3.1 The Business Committee will present a recommendation at the commencement of the Assembly that all proposals which have a financial implication must be accompanied by a commentary by the Finance Committee before they come for decision. The Committee has structured itself to be able to provide comments during the Assembly on such matters. The importance of this is obvious for if we have no capacity to increase resources, such proposals should have costs assessed to enable the Assembly to consider the priority question, "Where are the costs to be saved which will make this possible?"

3.2 Examples of cost implications that the Church now faces arise from the review of church structures, and in particular, the administrative cost increases of maintaining independent congregations. There are similar implications for the new program for ministerial education. We need to face realistically the obligation to assess both the financial cost and the cost to existing programs of any new proposals.

3.3 The Assembly like other areas in the life of the Church is suffering because at a time of diminishing resources the opportunities for ministry and the demands for support do not correspondingly diminish. To the contrary, in many instances they increase and are the cause of stress and pressure. In the case of the Assembly, while all areas of the work have suffered, we particularly draw attention to the plight of Unity and International Mission and Uniting Education that have been under major financial pressures during this triennium.

3.4 Two factors about the Assembly's financial position are worthy of emphasis.

3.5 Firstly, the Assembly lacks the security and the flexibility generally provided to synods by their level of assets and resources. The Assembly does not have the capacity for additional income streams or to grow capital funds in the same way that Synods have through their investment schemes. This was recognised by the NSW Synod, which for the past 12 or so years, has provided rental subsidy support to the Assembly of up to 25% of its costs. However, the current financial position of that Synod has caused it to cease this support.

3.6 Secondly our Church could be unique organisationally where our policy making body with the regulatory power to require the provision of finance to operate, accepts, by convention, that the amount of the contributions of funding to its budget are not controlled by it. It is acknowledged that a consultation process takes place but the final decision as to Synod contributions rests with the Synods themselves. The Assembly does acknowledge the level of support it receives from the Synods through this process and we would also acknowledge our dependence on individual donations to our mission divisions.

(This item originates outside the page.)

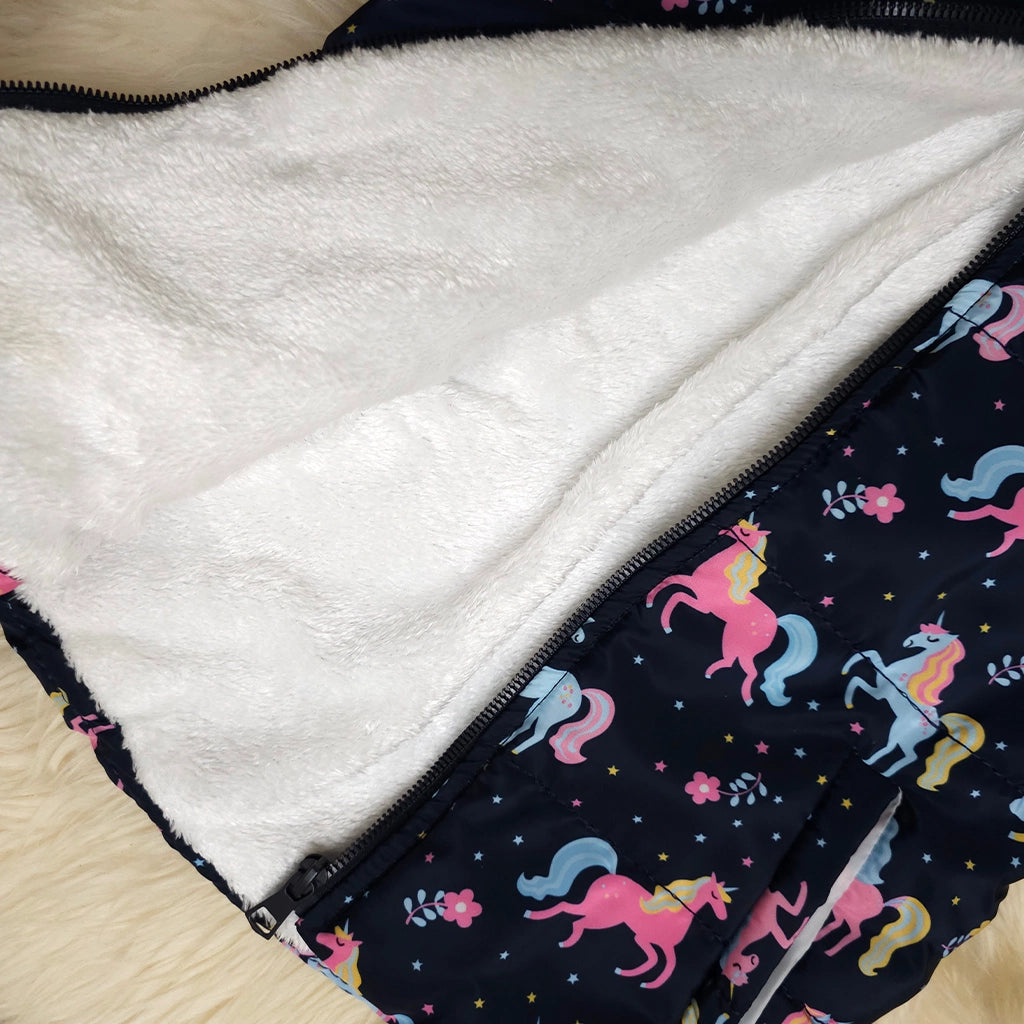 Unicorn Puffer Jacket | Ages 1Y-8Y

3.7 The Finance Committee is therefore conscious of the importance of the resolution 94.24.08 passed by the 7th Assembly which calls for a review to obtain a more equitable distribution of the resources of the Church. This is a complex and sensitive issue but a working paper commentary was submitted to the Standing Committee at its July 1999 meeting. This paper has been referred to the newly formed Strategic Planning Unit for further consid-eration.

3.8 The members of the Finance Committee have worked with skill and dedication to fulfil their demanding tasks. The lack of financial strength is but a manifestation of the deeper need to enliven the spirit across the Church. It is a problem that will not be overcome by any financial campaign if it is not set within a spiritually enlivened congregation with a vision for mission. Resolution 97.30.02/03, of the last Assembly which sought a new direction for planned giving, has some seeds of an answer but does not appear to have been progressed since that Assembly. We need our wisest minds to plan and the God given courage to be prepared to move in new directions.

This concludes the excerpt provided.